* Task instructions
Look below for the line that has "Mexen Madox kitchen". Set down the lines from there through the line that has "Neutral Brown Beanie Hat - Image 2 of 3", exactly as written.

* Data shown

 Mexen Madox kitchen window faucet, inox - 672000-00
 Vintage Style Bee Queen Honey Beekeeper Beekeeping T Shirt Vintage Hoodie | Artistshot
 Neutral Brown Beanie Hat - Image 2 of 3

==

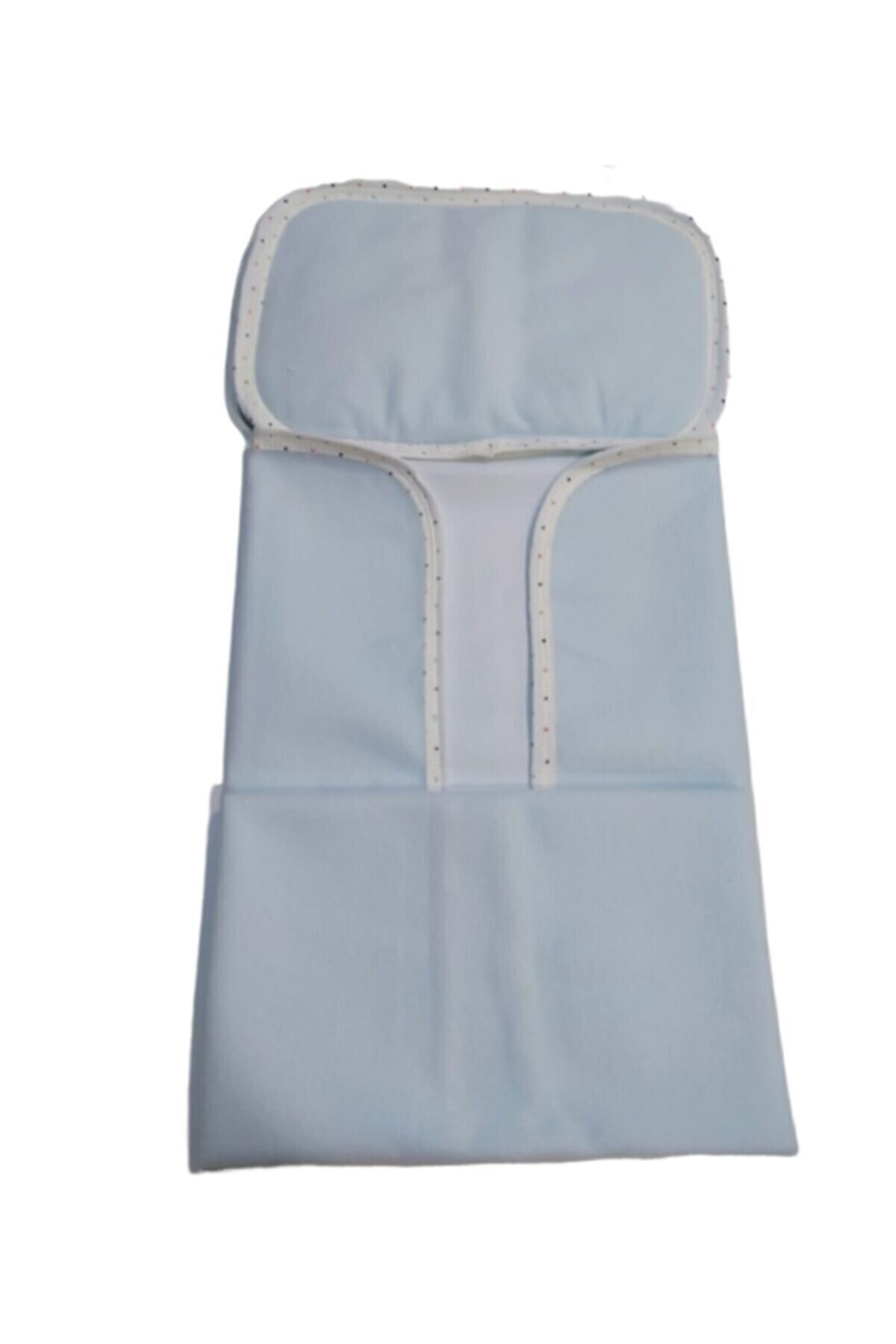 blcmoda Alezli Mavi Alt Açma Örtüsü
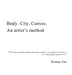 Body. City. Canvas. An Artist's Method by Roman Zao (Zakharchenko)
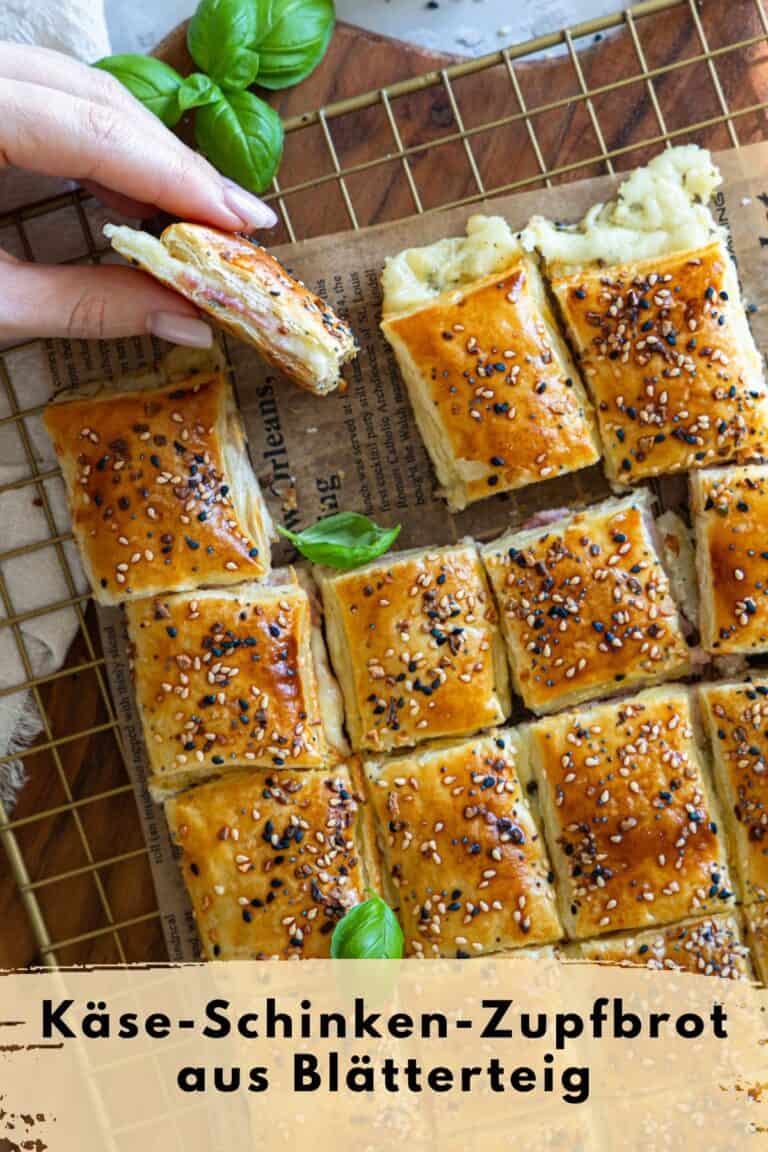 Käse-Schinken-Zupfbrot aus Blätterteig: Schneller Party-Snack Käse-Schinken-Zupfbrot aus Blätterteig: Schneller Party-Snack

...

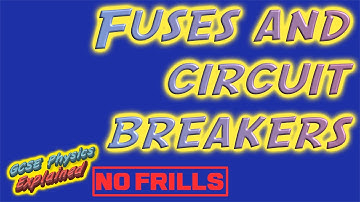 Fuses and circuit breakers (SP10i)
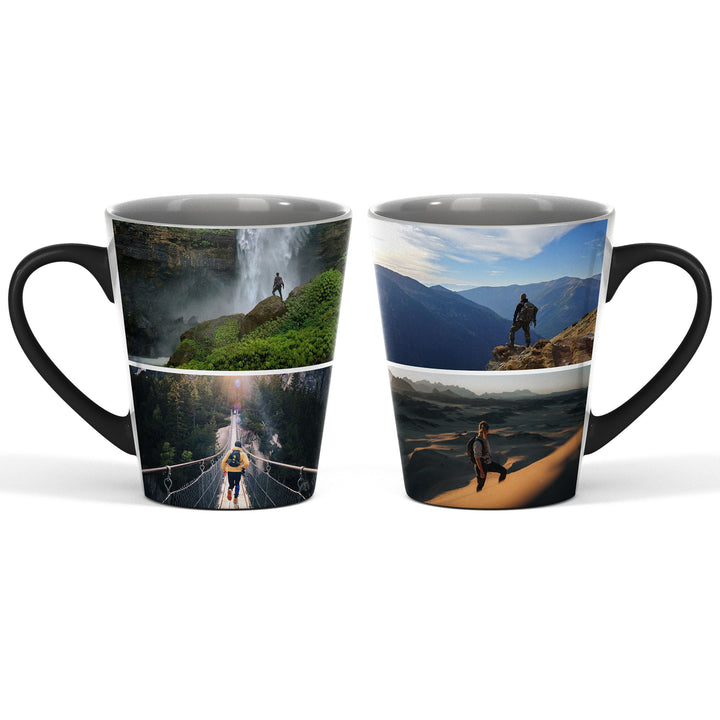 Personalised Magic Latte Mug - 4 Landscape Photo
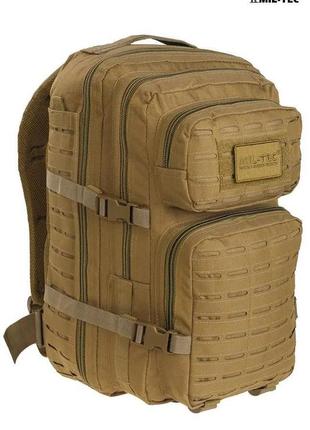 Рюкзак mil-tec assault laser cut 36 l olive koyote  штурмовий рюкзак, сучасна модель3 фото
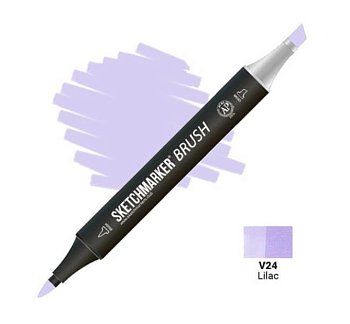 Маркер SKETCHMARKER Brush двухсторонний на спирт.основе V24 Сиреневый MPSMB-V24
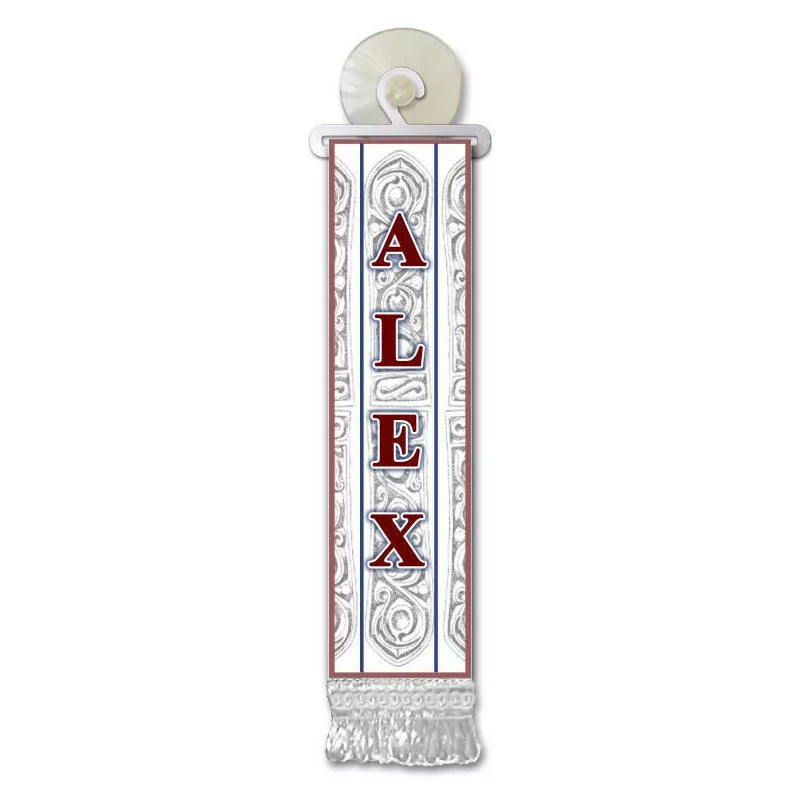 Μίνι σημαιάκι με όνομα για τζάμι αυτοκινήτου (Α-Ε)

* Problem solution
 Mexen Madox kitchen window faucet, inox - 672000-00
 Vintage Style Bee Queen Honey Beekeeper Beekeeping T Shirt Vintage Hoodie | Artistshot
 Neutral Brown Beanie Hat - Image 2 of 3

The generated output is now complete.